James K. Tsuruta scite author profile

Vigorous sperm motility, including the transition from progressive to hyperactivated motility that occurs in the female reproductive tract, is required for normal fertilization in mammals. We developed an automated, quantitative method that objectively classifies five distinct motility patterns of mouse sperm using Support Vector Machines (SVM), a common method in supervised machine learning. This multiclass SVM model is based on more than 2000 sperm tracks that were captured by computer-assisted sperm analysis (CASA) during in vitro capacitation and visually classified as progressive, intermediate, hyperactivated, slow, or weakly motile. Parameters associated with the classified tracks were incorporated into established SVM algorithms to generate a series of equations. These equations were integrated into a binary decision tree that sequentially sorts uncharacterized tracks into distinct categories. The first equation sorts CASA tracks into vigorous and nonvigorous categories. Additional equations classify vigorous tracks as progressive, intermediate, or hyperactivated and nonvigorous tracks as slow or weakly motile.
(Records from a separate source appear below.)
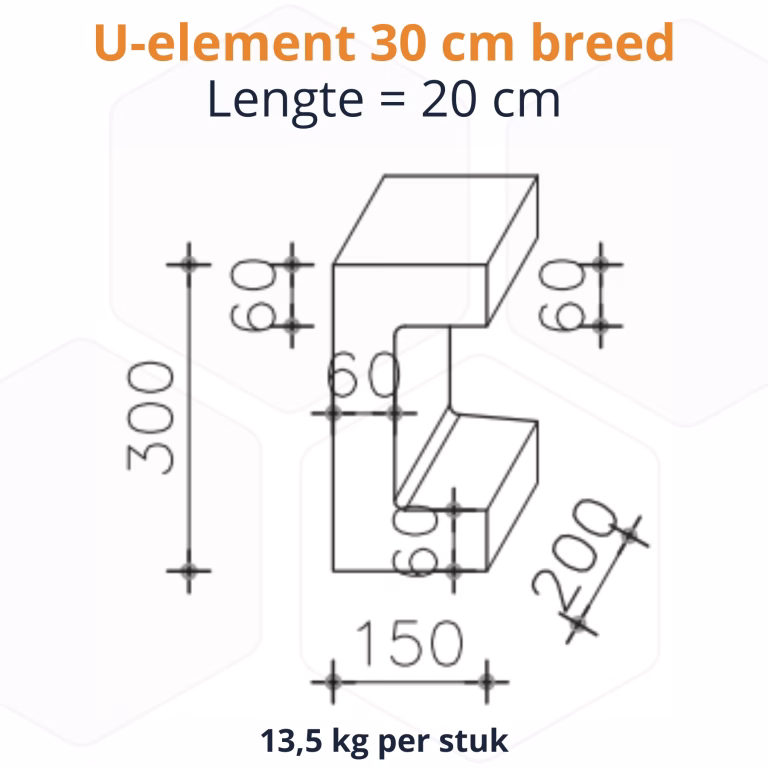 Dirksen U-element 15x20x30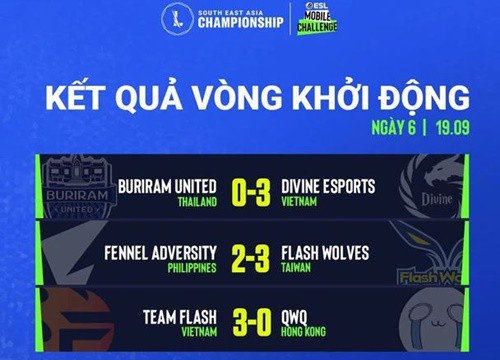 Thắng nhẹ đối thủ, Việt Nam có 3 đại diện vào vòng bảng Tốc Chiến SEA Championship 2021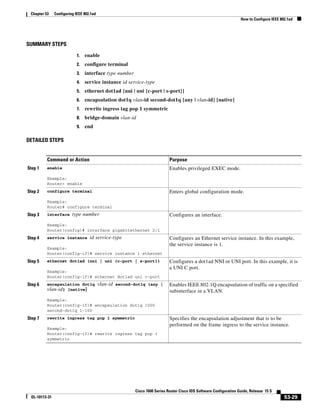 53-29
Cisco 7600 Series Router Cisco IOS Software Configuration Guide, Release 15 S
OL-10113-31
Chapter 53 Configuring IEEE 802.1ad
How to Configure IEEE 802.1ad
SUMMARY STEPS
1. enable
2. configure terminal
3. interface type number
4. service instance id service-type
5. ethernet dot1ad {nni | uni {c-port | s-port}}
6. encapsulation dot1q vlan-id second-dot1q {any | vlan-id} [native]
7. rewrite ingress tag pop 1 symmetric
8. bridge-domain vlan-id
9. end
DETAILED STEPS
Command or Action Purpose
Step 1 enable
Example:
Router> enable
Enables privileged EXEC mode.
Step 2 configure terminal
Example:
Router# configure terminal
Enters global configuration mode.
Step 3 interface type number
Example:
Router(config)# interface gigabitethernet 2/1
Configures an interface.
Step 4 service instance id service-type
Example:
Router(config-if)# service instance 1 ethernet
Configures an Ethernet service instance. In this example,
the service instance is 1.
Step 5 ethernet dot1ad {nni | uni {c-port | s-port}}
Example:
Router(config-if)# ethernet dot1ad uni c-port
Configures a dot1ad NNI or UNI port. In this example, it is
a UNI C port.
Step 6 encapsulation dot1q vlan-id second-dot1q {any |
vlan-id} [native]
Example:
Router(config-if)# encapsulation dot1q 1000
second-dot1q 1-100
Enables IEEE 802.1Q encapsulation of traffic on a specified
subinterface in a VLAN.
Step 7 rewrite ingress tag pop 1 symmetric
Example:
Router(config-if)# rewrite ingress tag pop 1
symmetric
Specifies the encapsulation adjustment that is to be
performed on the frame ingress to the service instance.
 
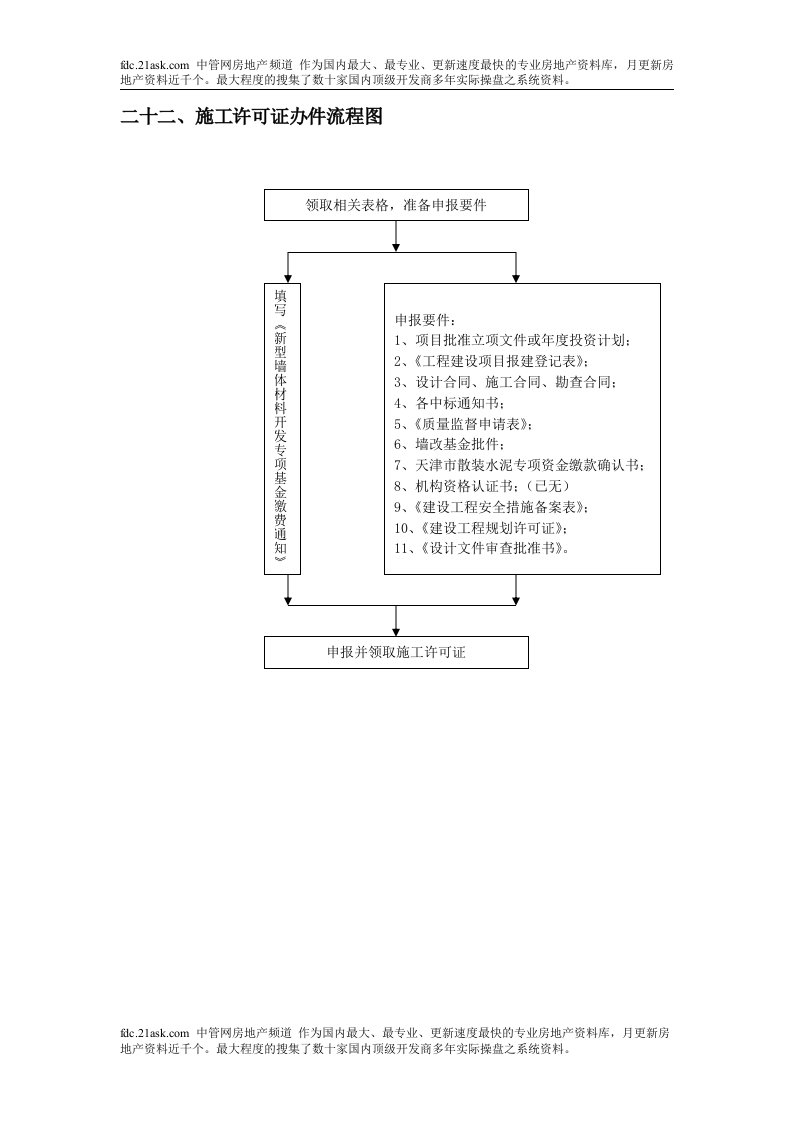 施工许可证办件流程图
Our CASAnova software uses these SVM equations to classify individual sperm motility patterns automatically. Comparisons of motility profiles from sperm incubated with and without bicarbonate confirmed the ability of the model to distinguish hyperactivated patterns of motility that develop during in vitro capacitation. The model accurately classifies motility profiles of sperm from a mutant mouse model with severe motility defects. Application of the model to sperm from multiple inbred strains reveals strain-dependent differences in sperm motility profiles. CASAnova provides a rapid and reproducible platform for quantitative comparisons of motility in large, heterogeneous populations of mouse sperm.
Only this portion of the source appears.